Similarly, the bill provides a scheme for recognizing certification systems that demonstrate compliance with the law. Organizations that choose to participate in approved certification schemes would benefit from a reduced risk of enforcement actions under the act. This would be especially helpful for small- and medium-sized entities that do not necessarily have extensive legal resources at their fingertips. These new frameworks for recognized codes and certifications would make it easier for businesses to demonstrate their compliance with the law to customers, to business partners and to the Privacy Commissioner of Canada.

I would like to move now to the third part of the legislation, the proposed artificial intelligence and data act, or AIDA, which would support responsible innovation by giving businesses a clear framework to guide the design, development and deployment of artificial intelligence systems, or AI systems. AI systems have many benefits and operate across national and provincial boundaries.

As I mentioned, Canada has become a global leader in artificial intelligence through the pan-Canadian AI strategy. However, as the technology has matured, risks associated with AI systems have also come to light, including with respect to health, safety and bias.

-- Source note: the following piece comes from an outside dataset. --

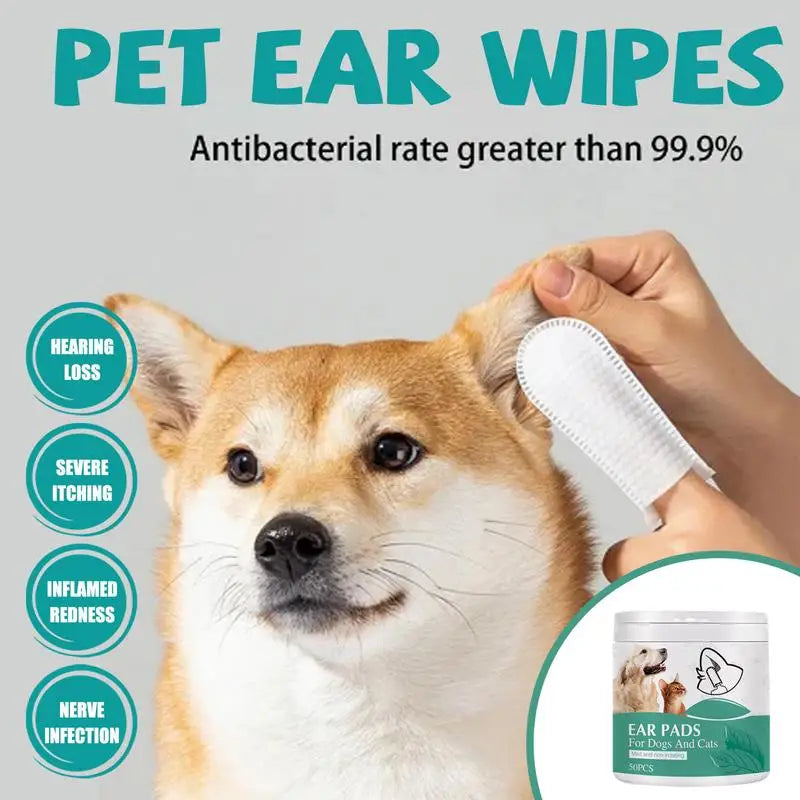 50pcs Ear Wipes For Dogs Pet Ear Cleaning Finger Cots Dogs Ear Wax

In order for Canadian innovators to maintain this status, common standards are needed for international and interprovincial trade in AI systems.

The bill would guide innovation by building confidence in the technology and protecting Canadians against the harms such systems can cause. Specifically, AIDA would ensure that entities responsible for high-impact AI systems identify and mitigate potential harms, including bias. By aligning with internationally recognized standards, this would ensure market access for Canadian innovations.

Lastly, an artificial intelligence and data commissioner would be created, with the dual role of support the minister in administering the act and playing a supportive role in helping businesses understand their responsibilities and how to comply. We believe the government is paving the way for Canada to be a world leader in innovation by providing Canadians with clear rules on how it may be developed and used.

I believe it is imperative the House move to pass this bill. The digital charter implementation act would not only protect the personal information of Canadians and lay the ground rules for the responsible design, development, deployment and operation of AI systems in Canada, but also enable the responsible innovation that will promote a strong Canadian economy. With this bill, the government is sending a clear message that responsible innovation is critical for Canada’s future economic success and competitiveness.

Digital Charter Implementation Act, 2022Government Orders

5:15 p.m.

Conservative

Cheryl Gallant Conservative Renfrew—Nipissing—Pembroke, ON

Madam Speaker, former Liberal bagman David MacNaughton, who was subsequently appointed to be the ambassador for Canada to the United States, went on to become the president of Palantir. It is the Dyson of data scooping and meta tag recombination.

His first order of business was to attempt to secure a contract with the Canadian federal government, but he had violated the cooling-off period for being a public servant. What assurances do Canadians have that this will be secure enough and that we will be protected from this legislation's being used as political weaponry on the taxpayer's dollar?

Digital Charter Implementation Act, 2022Government Orders

5:15 p.m.

Liberal

Andy Fillmore Liberal Halifax, NS

Madam Speaker, I begin by pointing out that Canadians have never been more reliant on digital data. In fact, a previous hon. member of this House, Scott Brison, famously quipped that we have Blockbuster legislation. We have Blockbuster law in a Netflix world. It is clear we need to update this.

To the member's question about enforcement and making sure there are repercussions for the misuse of data or for violating the proposed act, the act would create the data commissioner. It would give the commissioner powers to impose administrative monetary penalties. In contrast to today's legislative landscape, I think the proposed act would address the member's concerns.